Diversity, specificity and molecular evolution of the lytic arsenal of Pseudomonas phages: in silico perspective.

Bacteriophages encode an arsenal of proteins to lyse bacteria by breaking their surface structures, constituting a promising alternative to antibiotics. However, the selection and bioengineering of endolysins and other phage lytic proteins need to be assisted by a previous knowledge of their molecular characteristics. In this study, all putative lytic proteins encoded in Pseudomonas phages were in silico examined to describe their diversity, host association and molecular evolution. A total of 491 proteins were identified among 223 phages, including endolysins, holins, pinholins, spanins, lipases and peptidases. Protein families and combination of functional domains were characteristic of phages belonging to the same genus, and these tended to infect a single host species.
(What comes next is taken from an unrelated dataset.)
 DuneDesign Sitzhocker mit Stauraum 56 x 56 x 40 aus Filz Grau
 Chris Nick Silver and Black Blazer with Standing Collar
Clustering and phylogenetic analysis showed a protein grouping associated with bacterial host, and some functional domains being specific. Interestingly, most putative lytic proteins from phages infecting P. fluorescens and P. putida had negative net charges, opposed to most endolysins. Phage lifestyle also had an impact on protein variability, with transglycosylases, glucosaminidases, holins and spanins from lysogenic phages clustering into monophyletic nodes, suggesting the effect of a different selection pressure as a result of the co-option of a new function in the lysogenized bacteria.